Your answer must be the lines from the start of the records through the line with "A military officer", exactly as written, without the pictures.

= Beginning of Section =

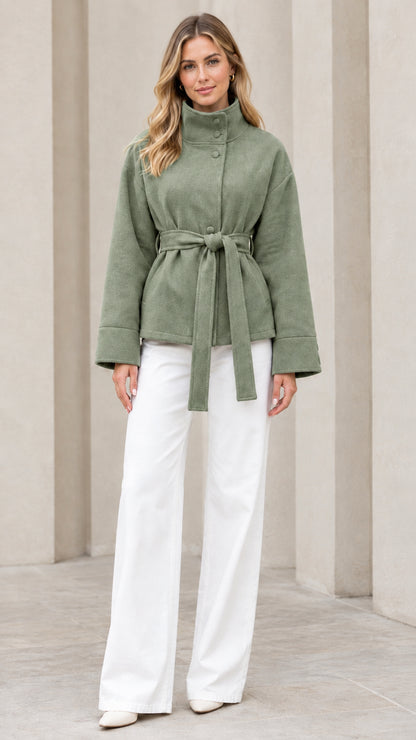 Front view of model wearing sage green stand collar belted short coat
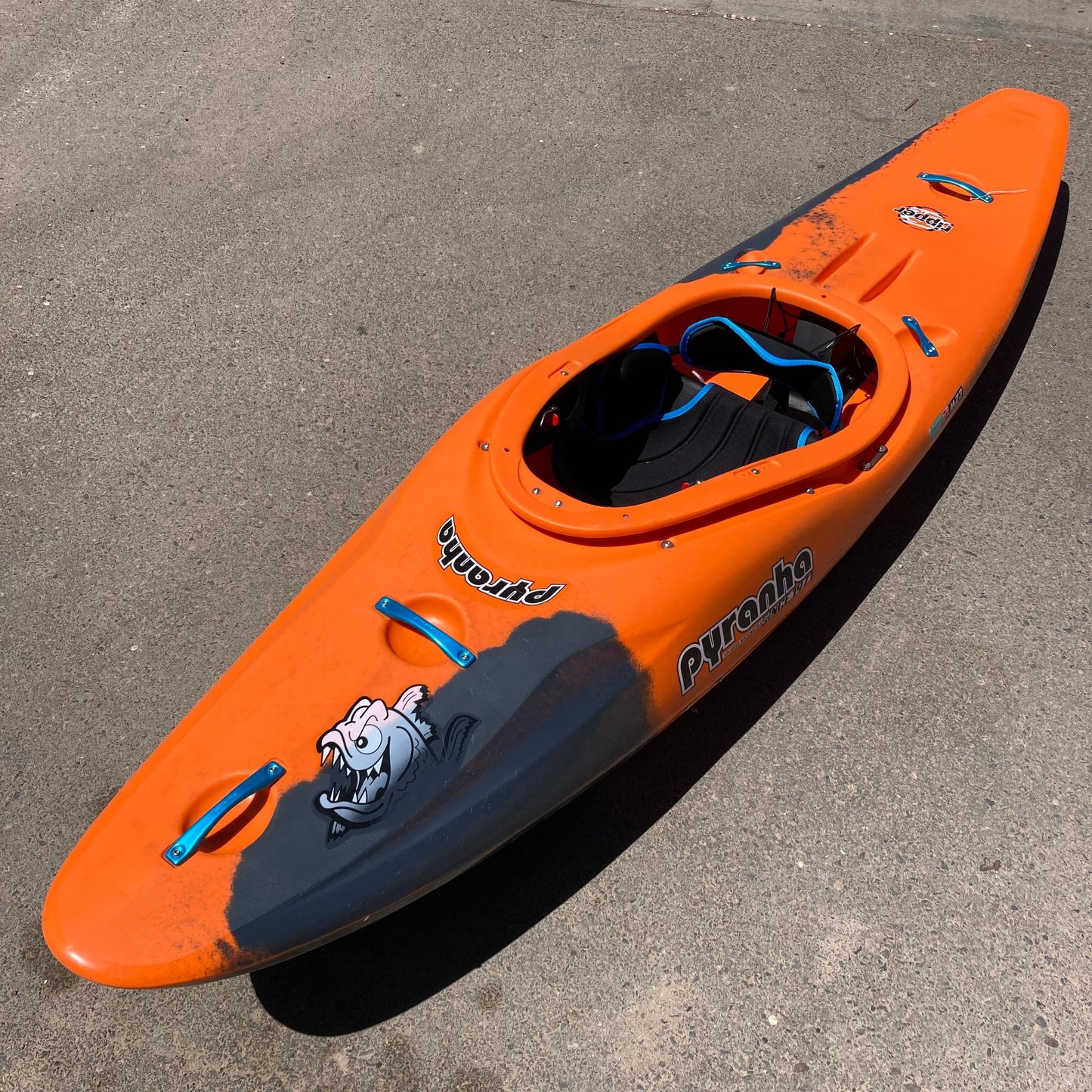 A Consignment Ripper 2 | Small kayak from 4Corners Riversports sitting on top of a parking lot.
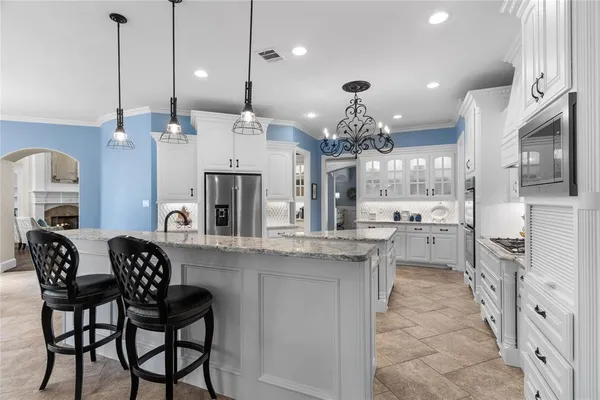 a kitchen with stainless steel appliances granite countertop a refrigerator and a sink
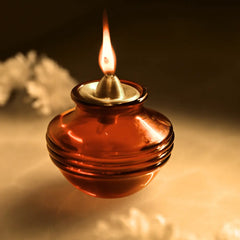 Traditional oil lamp with a burning wick on a reflective surface.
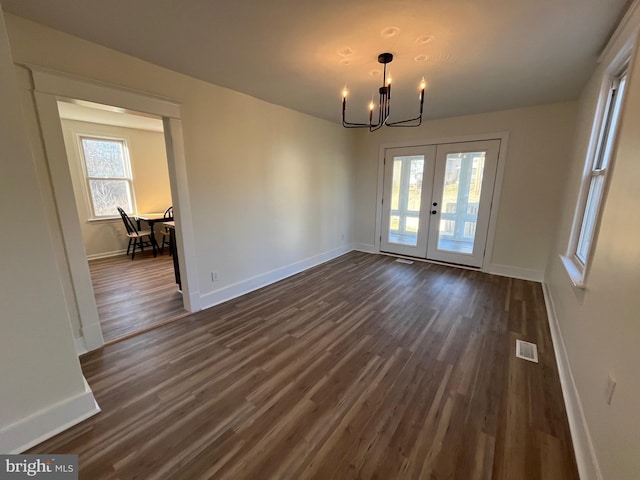 unfurnished dining area featuring a notable chandelier, dark hardwood / wood-style floors, a healthy amount of sunlight, and french doors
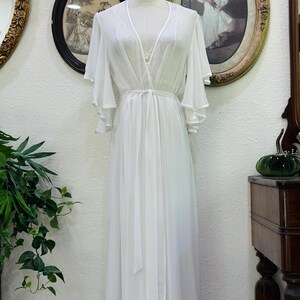 May include: A floor-length white robe featuring sheer fabric, wide flutter sleeves, and a wrap-style front with a matching tie belt. The garment includes delicate lace detailing along the V-neckline and is displayed on a mannequin.
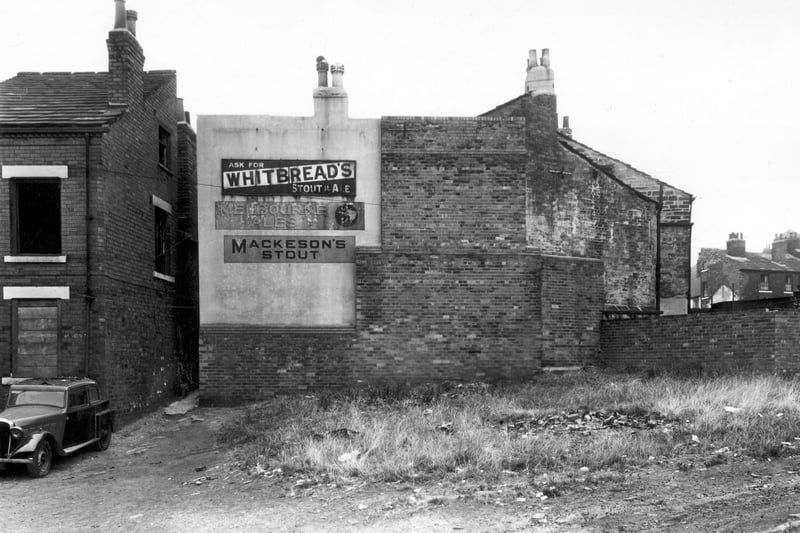 On the left is one of a row of three houses which which lay back-to-back with 10 to 14 Ebury Street. Access was from Delph Street. This end house was no.3 seen from Woodhouse Cliff end. The building with advertisements on he wall is 21 Woodhouse Cliff, seen here from the rear. It was a licensed grocer's shop. The area in the foreground was formerly White Rose Yard. Pictured in September 1959.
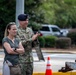 A military officer in US Army OCP (Operational Camouflage Pattern) uniform and dark blue beret stands alongside a civilian woman in a gray top. The officer appears to be clapping or applauding while the woman stands with her arms crossed. They are outdoors in what appears to be a military installation or base environment.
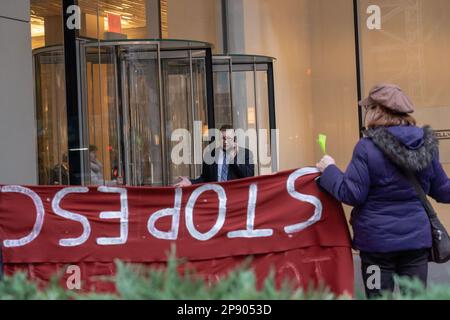 NEW YORK, NEW YORK - MÄRZ 09: Ein Mann mit Telefongesicht protestierte mit einem Banner vor dem Gebäude der New York City Büros von JPMorgan Chase & Co. Während eines Protests gegen den vorgeschlagenen Cop City, der am 09. März 2023 in einem Atlanta Wald in New York City gebaut wurde. COP City, eine riesige Polizeiausbildungseinrichtung, die auf einem Waldgebiet im Raum Atlanta, Georgia, im Bau ist, ist zu einem Schwerpunkt der Demonstrationen geworden, die der Entwicklung in einem der unberührtesten Wälder des Bundesstaates entgegenstehen. Das $90-Millionen-Dollar-Ausbildungszentrum soll die Polizei in militarisierter städtischer Kriegsführung ausbilden. Stockfoto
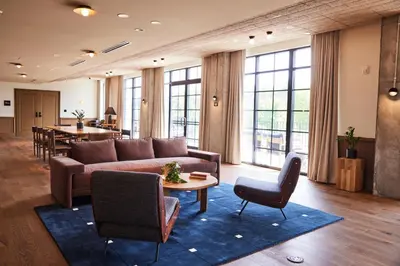 a living room with a couch and chairs and a table at The Junto Hotel in Columbus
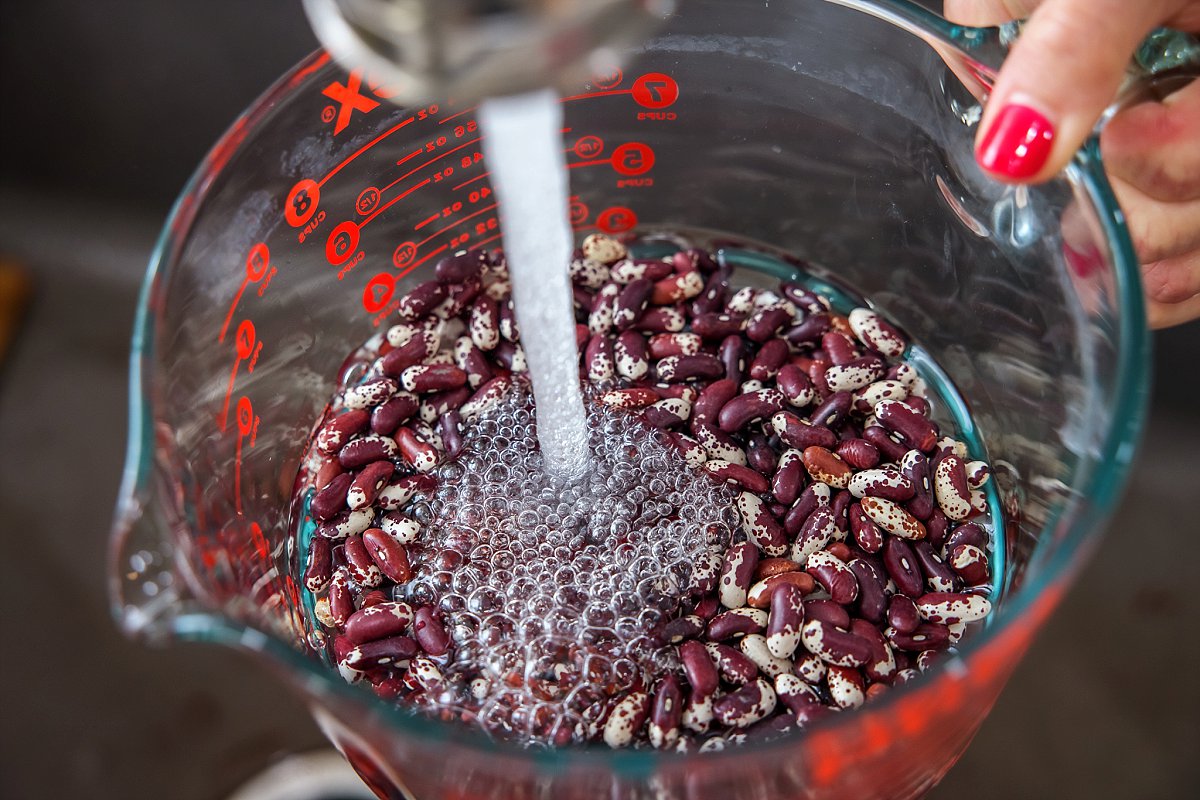 Adding water to beans in bowl
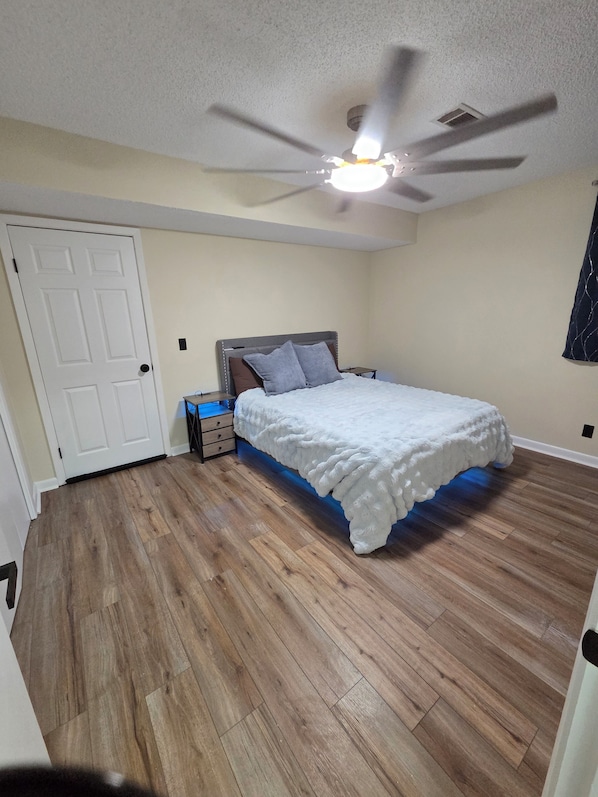 A bedroom with a bed, a ceiling fan, a door, and a nightstand.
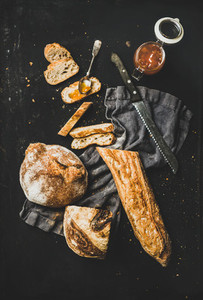 Flat lay of baguette  bread loaf and apricot jam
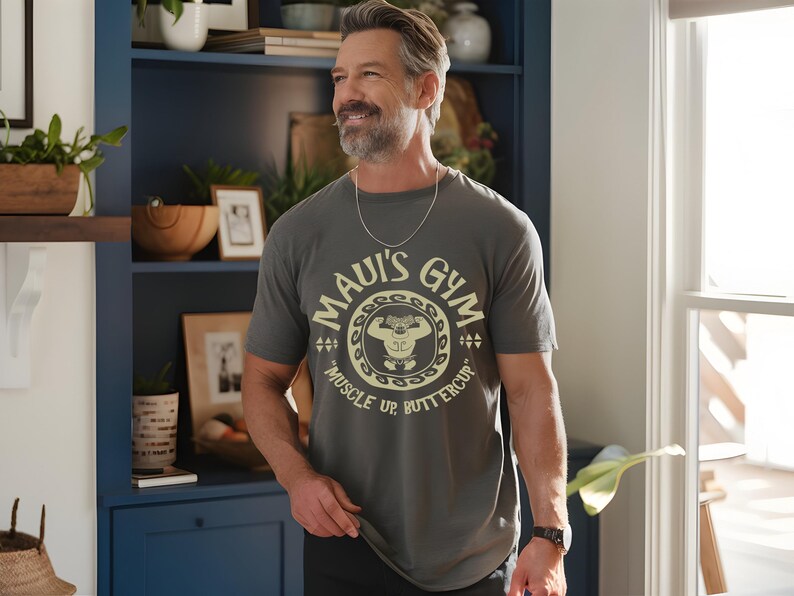 May include: A gray t-shirt with the text "Maui's Gym" in a circular design, featuring a cartoon weightlifter. The shirt also has the words "Muscle Up, Buttercup". The person is wearing a silver chain and a black watch.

= End of Section =

» **Your solution**:
 Front view of model wearing sage green stand collar belted short coat
 A Consignment Ripper 2 | Small kayak from 4Corners Riversports sitting on top of a parking lot.
 a kitchen with stainless steel appliances granite countertop a refrigerator and a sink
 Traditional oil lamp with a burning wick on a reflective surface.
 unfurnished dining area featuring a notable chandelier, dark hardwood / wood-style floors, a healthy amount of sunlight, and french doors
 May include: A floor-length white robe featuring sheer fabric, wide flutter sleeves, and a wrap-style front with a matching tie belt. The garment includes delicate lace detailing along the V-neckline and is displayed on a mannequin.
 On the left is one of a row of three houses which which lay back-to-back with 10 to 14 Ebury Street. Access was from Delph Street. This end house was no.3 seen from Woodhouse Cliff end. The building with advertisements on he wall is 21 Woodhouse Cliff, seen here from the rear. It was a licensed grocer's shop. The area in the foreground was formerly White Rose Yard. Pictured in September 1959.
 A military officer in US Army OCP (Operational Camouflage Pattern) uniform and dark blue beret stands alongside a civilian woman in a gray top. The officer appears to be clapping or applauding while the woman stands with her arms crossed. They are outdoors in what appears to be a military installation or base environment.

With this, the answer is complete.